Monday, April 12, 2010

Weeds in my Garden

weeds It is now spring time which makes me start to focus on my gardens. It is during this time that I know I need to get out all the weeds that are appearing and plan for new plants to be planted. I have all these bright ideas and hopes for good things to come.

Dandelions are a weed in my yard, yet many people make dandelion wine. Some violets are cute in the forest but I don’t want them littering my green lawn. In fact, some people sprinkle sugar on them and add them to their salads. What one person considers a weed may be considered a beauty to others.

I want a pretty garden. But it takes work. And I mean a lot of work; work that is not so pretty and fun like weeding and mulching. It is dirty, sweaty work. But it is necessary if I want to achieve my goal of a beautiful garden.

As I’m weeding my flower beds, I wonder about these small tender plants that I’m pulling out. They are a nuisance and they make my flower beds look ugly. But what is the purpose of a weed? Surely they were put on this planet for a reason (other than to drive me crazy or help me lose weight by weeding instead of eating). In fact, some of these so called weed are actually pretty. I don’t usually know the names of these weeds but I know that I don’t want them in my flower bed mixing with my beautiful flowers.

Sometimes I look at my class that way on the first day. I am full of anticipation and hope and I think my students are too. I have goals in mind for how I want them to grow. But it is going to take a lot of work to get there. It will take a lot of dirty, sweaty work. And it might not be fun at times either.

Then it hit me. This is exactly how I see some students in my class. Some of them are just weeds. They are a nuisance and keep me from achieving my goal. I want to yank them out and get rid of them from the room. I don’t want them mixing with my other beautiful wonders.

But what is their purpose in my class? Surely there is a reason for them but will I take the time and effort to find out what it is? Am I willing to get “dirty and sweaty” for the same of some weeds? How many times have I written them off in my mind? Oh, they are just weeds. I don’t need to really know them because I’m getting rid of them. I hate to say that this happens but I have to be honest and admit to feeling this way sometimes. Sometimes I just don’t give these poor weeds a chance to thrive and show their beauty.

I hope that I can stop and look at each student as a flower instead of a weed. I hope I give each one a chance to thrive and survive in order to show me their beauty. There is a purpose but I just need to find out what it is. I need to search for the answer and not give up. I believe if I can do this with every student, I would be a more successful teacher.

So, do you have any weeds in your classroom?

Posted on the Successful Teaching Blog by loonyhiker (successfulteaching at gmail dot com).

Original image: 'Summer field' by: b k


Lisa Parisi said...

Interesting analogy. Dandelions were brought here by early European settlers to line their flower beds. They only took off as weeds here because of the soil. Had they stayed in Europe, they might not have created such a nuisance.
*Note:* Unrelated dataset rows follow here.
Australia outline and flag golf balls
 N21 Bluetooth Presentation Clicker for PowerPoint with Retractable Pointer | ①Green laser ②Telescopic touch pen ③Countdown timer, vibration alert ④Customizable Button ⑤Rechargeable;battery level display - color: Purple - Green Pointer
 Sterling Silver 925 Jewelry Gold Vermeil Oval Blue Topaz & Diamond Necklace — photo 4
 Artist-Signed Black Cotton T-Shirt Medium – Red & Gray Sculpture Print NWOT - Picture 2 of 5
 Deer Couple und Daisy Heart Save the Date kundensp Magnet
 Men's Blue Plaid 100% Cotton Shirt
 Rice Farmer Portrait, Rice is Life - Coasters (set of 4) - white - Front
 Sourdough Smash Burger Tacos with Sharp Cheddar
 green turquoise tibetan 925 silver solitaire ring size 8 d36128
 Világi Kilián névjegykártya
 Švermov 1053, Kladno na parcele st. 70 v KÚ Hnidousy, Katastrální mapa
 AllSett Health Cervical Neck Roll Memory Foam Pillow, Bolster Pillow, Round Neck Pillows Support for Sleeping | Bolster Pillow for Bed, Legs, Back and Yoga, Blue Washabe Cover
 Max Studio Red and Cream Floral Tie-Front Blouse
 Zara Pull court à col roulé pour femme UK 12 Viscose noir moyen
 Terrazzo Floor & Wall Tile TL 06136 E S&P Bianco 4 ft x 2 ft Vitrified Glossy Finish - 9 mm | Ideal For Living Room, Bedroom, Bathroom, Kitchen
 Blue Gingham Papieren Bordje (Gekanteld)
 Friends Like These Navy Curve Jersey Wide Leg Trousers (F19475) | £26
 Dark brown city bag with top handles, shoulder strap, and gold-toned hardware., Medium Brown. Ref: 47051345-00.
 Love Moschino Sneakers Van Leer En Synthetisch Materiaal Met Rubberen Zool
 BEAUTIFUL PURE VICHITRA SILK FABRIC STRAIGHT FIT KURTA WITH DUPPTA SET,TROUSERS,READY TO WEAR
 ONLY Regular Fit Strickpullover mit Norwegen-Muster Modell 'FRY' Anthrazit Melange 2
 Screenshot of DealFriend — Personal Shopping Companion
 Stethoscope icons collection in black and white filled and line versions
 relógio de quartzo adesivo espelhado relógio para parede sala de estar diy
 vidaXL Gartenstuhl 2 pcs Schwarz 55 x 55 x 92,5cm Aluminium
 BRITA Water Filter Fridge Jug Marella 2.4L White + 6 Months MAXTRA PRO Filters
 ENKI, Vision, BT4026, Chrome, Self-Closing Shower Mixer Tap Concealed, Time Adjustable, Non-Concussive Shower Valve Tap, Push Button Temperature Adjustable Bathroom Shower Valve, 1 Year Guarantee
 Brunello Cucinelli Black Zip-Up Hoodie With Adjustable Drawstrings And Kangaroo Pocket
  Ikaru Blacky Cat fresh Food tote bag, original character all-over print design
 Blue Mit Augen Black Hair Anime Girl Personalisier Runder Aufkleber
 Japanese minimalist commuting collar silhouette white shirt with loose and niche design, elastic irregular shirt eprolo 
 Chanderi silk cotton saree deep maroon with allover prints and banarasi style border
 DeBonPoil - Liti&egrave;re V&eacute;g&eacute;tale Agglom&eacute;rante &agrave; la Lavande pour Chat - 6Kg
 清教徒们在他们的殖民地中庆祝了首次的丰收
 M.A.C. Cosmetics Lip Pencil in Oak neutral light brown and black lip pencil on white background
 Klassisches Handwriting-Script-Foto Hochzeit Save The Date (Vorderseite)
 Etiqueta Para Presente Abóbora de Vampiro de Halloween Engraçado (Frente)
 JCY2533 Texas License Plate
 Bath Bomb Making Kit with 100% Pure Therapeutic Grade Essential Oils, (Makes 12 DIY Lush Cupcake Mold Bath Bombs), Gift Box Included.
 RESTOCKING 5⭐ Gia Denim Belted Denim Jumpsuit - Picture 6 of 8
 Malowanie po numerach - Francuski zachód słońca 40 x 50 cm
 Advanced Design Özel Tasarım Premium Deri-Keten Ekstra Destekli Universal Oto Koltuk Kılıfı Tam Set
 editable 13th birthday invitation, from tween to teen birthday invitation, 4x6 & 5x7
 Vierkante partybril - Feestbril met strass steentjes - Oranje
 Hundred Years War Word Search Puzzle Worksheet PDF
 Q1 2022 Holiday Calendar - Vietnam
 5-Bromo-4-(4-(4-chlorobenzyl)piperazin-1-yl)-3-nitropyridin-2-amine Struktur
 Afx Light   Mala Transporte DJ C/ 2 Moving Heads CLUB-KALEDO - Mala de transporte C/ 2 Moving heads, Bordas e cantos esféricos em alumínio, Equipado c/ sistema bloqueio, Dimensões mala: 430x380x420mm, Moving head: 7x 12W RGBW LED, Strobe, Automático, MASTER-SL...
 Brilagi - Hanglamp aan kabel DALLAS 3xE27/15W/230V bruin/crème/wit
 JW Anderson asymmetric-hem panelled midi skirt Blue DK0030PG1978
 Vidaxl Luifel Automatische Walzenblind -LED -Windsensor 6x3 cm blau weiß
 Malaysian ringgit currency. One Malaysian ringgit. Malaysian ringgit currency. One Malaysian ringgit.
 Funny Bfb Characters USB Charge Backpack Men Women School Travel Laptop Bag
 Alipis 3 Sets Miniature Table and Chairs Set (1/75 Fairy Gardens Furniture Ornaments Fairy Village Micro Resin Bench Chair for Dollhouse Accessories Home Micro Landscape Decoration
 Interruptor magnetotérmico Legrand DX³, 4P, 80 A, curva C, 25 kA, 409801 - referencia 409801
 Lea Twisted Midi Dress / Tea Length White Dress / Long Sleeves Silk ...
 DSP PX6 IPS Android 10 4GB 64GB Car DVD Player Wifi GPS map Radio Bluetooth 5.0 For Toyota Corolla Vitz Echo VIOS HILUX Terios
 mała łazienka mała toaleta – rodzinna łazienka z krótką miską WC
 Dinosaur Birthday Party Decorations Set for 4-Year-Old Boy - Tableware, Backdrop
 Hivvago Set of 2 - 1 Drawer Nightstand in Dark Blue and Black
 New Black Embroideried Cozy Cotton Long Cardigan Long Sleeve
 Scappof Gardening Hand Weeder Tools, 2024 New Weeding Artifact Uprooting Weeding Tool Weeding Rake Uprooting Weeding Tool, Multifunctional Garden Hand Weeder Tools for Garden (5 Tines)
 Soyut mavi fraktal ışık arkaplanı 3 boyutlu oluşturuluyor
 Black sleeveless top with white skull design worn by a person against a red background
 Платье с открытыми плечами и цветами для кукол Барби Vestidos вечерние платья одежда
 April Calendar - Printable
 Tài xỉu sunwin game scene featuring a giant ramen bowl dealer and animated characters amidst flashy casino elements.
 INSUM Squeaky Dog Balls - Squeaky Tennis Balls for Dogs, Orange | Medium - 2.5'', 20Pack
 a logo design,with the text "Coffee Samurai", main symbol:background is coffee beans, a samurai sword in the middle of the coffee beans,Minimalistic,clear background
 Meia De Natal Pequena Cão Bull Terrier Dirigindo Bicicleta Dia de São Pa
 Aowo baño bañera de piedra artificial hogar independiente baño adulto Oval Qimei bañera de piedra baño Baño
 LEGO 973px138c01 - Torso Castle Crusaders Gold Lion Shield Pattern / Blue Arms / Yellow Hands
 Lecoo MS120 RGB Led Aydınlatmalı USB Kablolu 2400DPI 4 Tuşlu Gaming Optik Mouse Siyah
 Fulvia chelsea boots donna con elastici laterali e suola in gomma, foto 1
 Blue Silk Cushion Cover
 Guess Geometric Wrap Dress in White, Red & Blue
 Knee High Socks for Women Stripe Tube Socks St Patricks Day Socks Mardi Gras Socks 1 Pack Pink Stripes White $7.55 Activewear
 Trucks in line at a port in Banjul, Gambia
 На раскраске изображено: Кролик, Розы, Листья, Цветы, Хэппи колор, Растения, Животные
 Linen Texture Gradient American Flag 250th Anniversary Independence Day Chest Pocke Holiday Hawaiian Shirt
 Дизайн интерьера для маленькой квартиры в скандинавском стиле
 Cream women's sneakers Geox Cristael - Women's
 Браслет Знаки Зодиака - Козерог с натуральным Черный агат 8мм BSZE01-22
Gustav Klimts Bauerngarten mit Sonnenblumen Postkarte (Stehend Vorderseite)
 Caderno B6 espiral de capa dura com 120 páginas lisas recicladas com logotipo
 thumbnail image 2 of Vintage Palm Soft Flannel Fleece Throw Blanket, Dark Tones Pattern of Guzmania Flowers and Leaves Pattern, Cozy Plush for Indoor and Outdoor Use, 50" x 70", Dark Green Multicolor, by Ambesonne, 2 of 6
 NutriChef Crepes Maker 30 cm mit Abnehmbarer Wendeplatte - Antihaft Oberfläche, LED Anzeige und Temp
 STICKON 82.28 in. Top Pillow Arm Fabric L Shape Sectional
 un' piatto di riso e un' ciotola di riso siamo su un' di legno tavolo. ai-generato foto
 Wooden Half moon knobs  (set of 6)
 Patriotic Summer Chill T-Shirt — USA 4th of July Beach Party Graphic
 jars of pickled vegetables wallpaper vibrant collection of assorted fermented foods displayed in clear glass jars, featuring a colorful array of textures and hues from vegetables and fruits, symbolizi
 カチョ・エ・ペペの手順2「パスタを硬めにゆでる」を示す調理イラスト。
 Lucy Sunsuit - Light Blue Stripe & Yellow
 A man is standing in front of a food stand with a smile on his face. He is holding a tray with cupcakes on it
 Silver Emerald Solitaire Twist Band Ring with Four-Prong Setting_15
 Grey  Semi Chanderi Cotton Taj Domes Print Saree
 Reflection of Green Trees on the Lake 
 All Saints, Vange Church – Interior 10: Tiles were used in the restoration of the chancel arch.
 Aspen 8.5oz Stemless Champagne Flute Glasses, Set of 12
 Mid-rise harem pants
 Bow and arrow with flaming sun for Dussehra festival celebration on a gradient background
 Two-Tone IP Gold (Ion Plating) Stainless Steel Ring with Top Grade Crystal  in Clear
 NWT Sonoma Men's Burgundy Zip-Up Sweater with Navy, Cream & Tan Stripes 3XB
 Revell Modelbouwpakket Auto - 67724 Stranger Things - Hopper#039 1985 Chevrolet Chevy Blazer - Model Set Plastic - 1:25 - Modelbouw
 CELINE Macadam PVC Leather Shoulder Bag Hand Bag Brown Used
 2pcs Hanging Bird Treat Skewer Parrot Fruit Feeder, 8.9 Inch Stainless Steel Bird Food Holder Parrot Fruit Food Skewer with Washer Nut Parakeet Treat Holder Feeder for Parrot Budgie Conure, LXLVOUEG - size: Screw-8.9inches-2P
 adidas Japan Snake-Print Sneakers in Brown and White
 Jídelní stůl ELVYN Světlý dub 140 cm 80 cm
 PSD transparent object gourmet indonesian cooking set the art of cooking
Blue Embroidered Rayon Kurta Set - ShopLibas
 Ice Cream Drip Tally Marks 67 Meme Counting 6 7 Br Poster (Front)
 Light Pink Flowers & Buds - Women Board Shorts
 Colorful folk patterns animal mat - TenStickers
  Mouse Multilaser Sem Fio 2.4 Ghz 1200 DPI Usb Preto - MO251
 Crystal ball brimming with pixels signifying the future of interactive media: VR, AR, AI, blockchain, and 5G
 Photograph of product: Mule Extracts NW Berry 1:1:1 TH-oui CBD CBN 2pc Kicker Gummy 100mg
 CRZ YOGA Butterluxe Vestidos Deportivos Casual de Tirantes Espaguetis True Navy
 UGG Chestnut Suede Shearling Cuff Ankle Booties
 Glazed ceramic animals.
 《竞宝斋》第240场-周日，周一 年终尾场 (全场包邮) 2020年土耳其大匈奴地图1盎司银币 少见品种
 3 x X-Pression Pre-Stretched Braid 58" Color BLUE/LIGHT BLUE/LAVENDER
Perhaps our classroom "weeds" would be flowers if the soil were right for them. And maybe our job as gardeners is to create the proper climate to create only flowers.

Paul Bogush said...

Just as American farmers have moved to a market farm model in which only one type of product can be accepted on a farm, so too has the American education system.

All flowers and vegetables were once weeds. It takes an incredible amount of time to bring a weed to a point were it can fit into our marketplace. It takes an incredible amount of time to take a weed student and "fit" them into our classrooms.

I have a friend who always points out the abundance of weeds in his yard. Says he loves celebrating diversity. Always taking about how no matter what kind of weather we are having there is always something in his yard flourishing.

The "weather" changes frequently outside of our classrooms, with more and more testing the "weather" inside our classrooms is kept constant. What will happen to the kids...weeds and flowers...when they leave school and encounter their first storm? drought? freeze?

Amie said...

It is easy to write off students and consider them weeds and hope for only flowers, but take it a bit further. Every student is a weed. Even your most successful student has one part of them that you don't like. For example, they are smart but call out and don't give the other student's a chance to think. Another student who is smart and well behaved may also chose to play by themselves and always exclude other students. It is easier to think you have some students who are weeds and some who are flowers, then think maybe they are all weeds. but an effective teacher will see them as all flowers with a few thorns and bugs living on them that may need to be sorted out a bit. That's our job isn't it?

loonyhiker said...

@Amie I loved your statement "Every student is a weed." If any teacher says they have loved every student they taught, I would call them a liar. In fact some students that I really enjoyed sometimes got on my nerves. Thanks for your comments.